Loving Kindness: A Children’s and Teens’ Art Exhibition about Mindfulness
January 27-March 13, 2022
Payne Art Gallery
Sunday, March 13, 2022: Loving Kindness: A Mini-Conference on the Benefits and Cautions of Mindfulness in Education
- Kristin Baxter, Ed.D. Associate Professor of Art & Director of the Art Education Program
- Kin Cheung, Ph.D., Assistant Professor of Asian Religions
This show supports Moravian University’s 2021-2022 InFocus theme of “Health and Justice.”
Moravian University encourages persons with disabilities to participate in its programs and activities. If you anticipate needing any type of accommodation or have questions about the physical access provided, please contact Kristin Baxter email@example.com or Kin Cheung firstname.lastname@example.org at least one week prior to the event.

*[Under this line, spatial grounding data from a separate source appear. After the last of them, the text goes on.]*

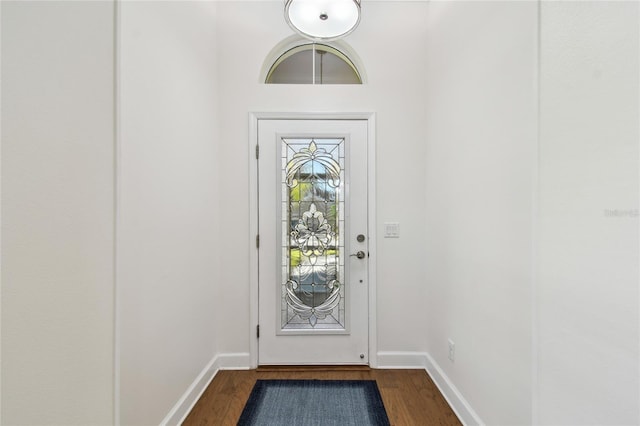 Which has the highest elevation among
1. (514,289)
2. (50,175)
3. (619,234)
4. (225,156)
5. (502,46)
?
(502,46)

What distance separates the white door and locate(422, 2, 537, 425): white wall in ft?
1.87

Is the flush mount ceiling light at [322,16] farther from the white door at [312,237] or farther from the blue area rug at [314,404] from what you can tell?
the blue area rug at [314,404]

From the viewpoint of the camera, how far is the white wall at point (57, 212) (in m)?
0.85

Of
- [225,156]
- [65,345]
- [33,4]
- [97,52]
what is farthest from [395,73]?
[65,345]

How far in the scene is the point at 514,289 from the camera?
4.41 ft

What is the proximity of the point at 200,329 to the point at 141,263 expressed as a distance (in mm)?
886

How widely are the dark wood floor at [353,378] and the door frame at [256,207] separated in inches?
6.2

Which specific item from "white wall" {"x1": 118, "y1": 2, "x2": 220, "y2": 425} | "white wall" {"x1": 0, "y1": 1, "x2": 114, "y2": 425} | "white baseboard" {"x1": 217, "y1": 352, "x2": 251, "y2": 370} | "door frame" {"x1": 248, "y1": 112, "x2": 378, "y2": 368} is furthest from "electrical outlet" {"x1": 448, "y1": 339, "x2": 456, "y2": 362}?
"white wall" {"x1": 0, "y1": 1, "x2": 114, "y2": 425}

This exhibition and programming has been generously supported by:
- Shanthi Project
- Moravian University Office of Diversity, Equity, and Inclusion
- Moravian University Office of Student Life
- Moravian University Center for Career & Civic Engagement
Graphic Design work by Janessa Ternosky
The curators wish to also thank: Blair Flintom and the Music Department
Mindfulness programs have grown rapidly in PreK-12 public and private schools, museums, and community programs throughout the US. Locally, in the Bethlehem Area School District, schools have dedicated meditation spaces for students and staff, such as Liberty High School and at Donegan Elementary School. Marvine Elementary School was also recently the site of research on the impact of mindfulness programs for young children. A growing number of educators regularly guide children and teens in mindfulness practices, which are often followed by art lessons where students create works of art with mindfulness as the inspiration.

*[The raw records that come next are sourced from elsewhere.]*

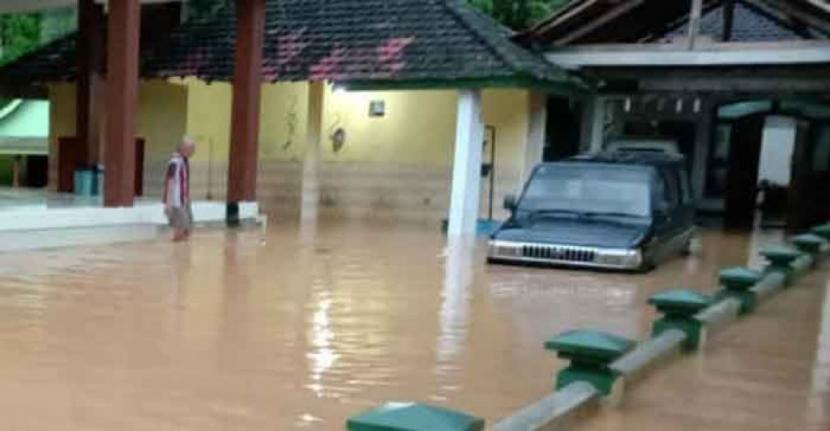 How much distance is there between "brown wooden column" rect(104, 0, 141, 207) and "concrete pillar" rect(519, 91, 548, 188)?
8551 mm

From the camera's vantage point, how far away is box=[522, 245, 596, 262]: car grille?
12.8m

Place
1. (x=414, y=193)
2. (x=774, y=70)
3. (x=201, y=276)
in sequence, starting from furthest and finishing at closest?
(x=414, y=193), (x=774, y=70), (x=201, y=276)

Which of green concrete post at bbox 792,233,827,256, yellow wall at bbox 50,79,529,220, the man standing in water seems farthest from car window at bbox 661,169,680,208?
the man standing in water

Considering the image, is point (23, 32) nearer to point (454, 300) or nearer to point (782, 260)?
point (454, 300)

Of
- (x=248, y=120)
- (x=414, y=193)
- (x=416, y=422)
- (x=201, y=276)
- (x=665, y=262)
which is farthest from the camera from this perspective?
(x=414, y=193)

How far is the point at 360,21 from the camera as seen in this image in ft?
67.2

What is often overlooked is that mindfulness practices have their roots in sacred Buddhist religious traditions. To address this gap, this exhibition will include a one-day conference on March 13, titled Loving Kindness: A Mini-Conference on the Benefits and Cautions of Mindfulness in Education, where educators can learn more about the spiritual and religious origins of mindfulness, and ways to mitigate negative consequences of cultural appropriation as we use mindfulness principles in educational and other secular settings.

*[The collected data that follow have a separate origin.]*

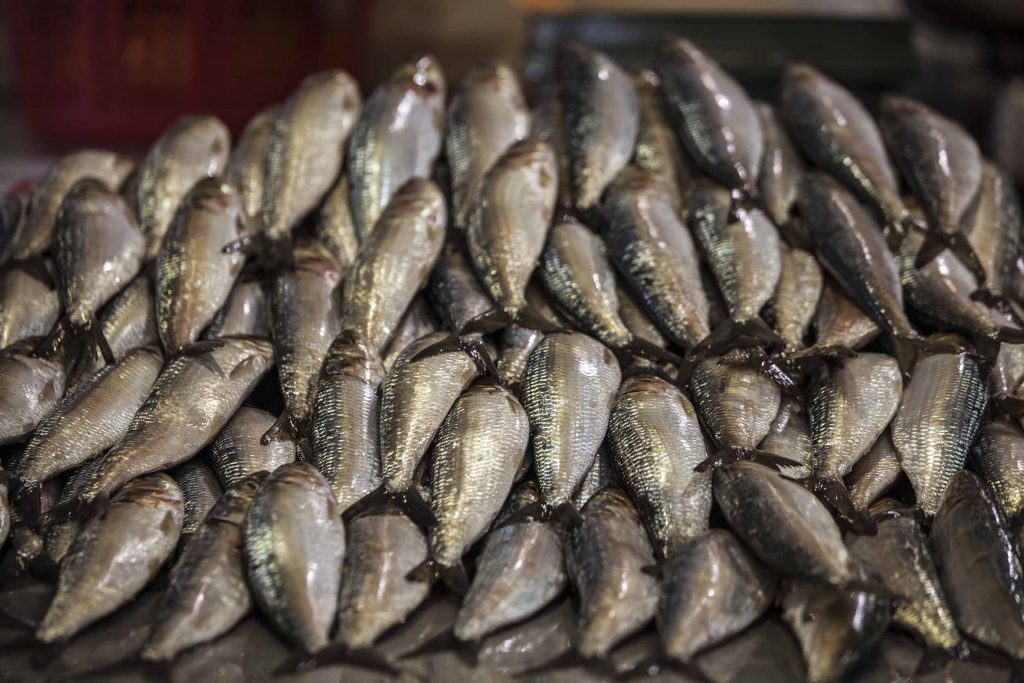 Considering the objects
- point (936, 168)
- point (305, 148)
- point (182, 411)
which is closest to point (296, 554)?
point (182, 411)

The literal faces that represent mindfulness meditation are young photogenic white women. Mindfulness is touted as a panacea, and more importantly, presented as a secular activity separate from Asian Buddhist creators/teachers and Asian communities. This is not isolated to mindfulness, as the May 2021 ruling in Alabama shows: yoga can be offered in public schools there as long as Asian words are not being used or taught! The panel discussion addresses the erasure of Asian history, roots, and words. We advocate for religious literacy: for instance, turning to Indian notions of dharma (truth/teachings/law) and Chinese understanding of 教 jiao (n. teachings/religion, v. to cause/tell/make) to question Anglophone distinctions between secular and religious.
We are in the process of securing the option of offering ACT 48 professional development hours for Pennsylvania teachers for this panel discussion, in collaboration with the Pennsylvania Art Education Association.
We aim to curate an exhibition that responds to this question: What role can art and mindfulness play in helping an individual and society build equitable, diverse, inclusive, flourishing and healthy communities?
An exhibition catalogue will include essays from the panelists, as well as photographs of the works of art in the exhibition.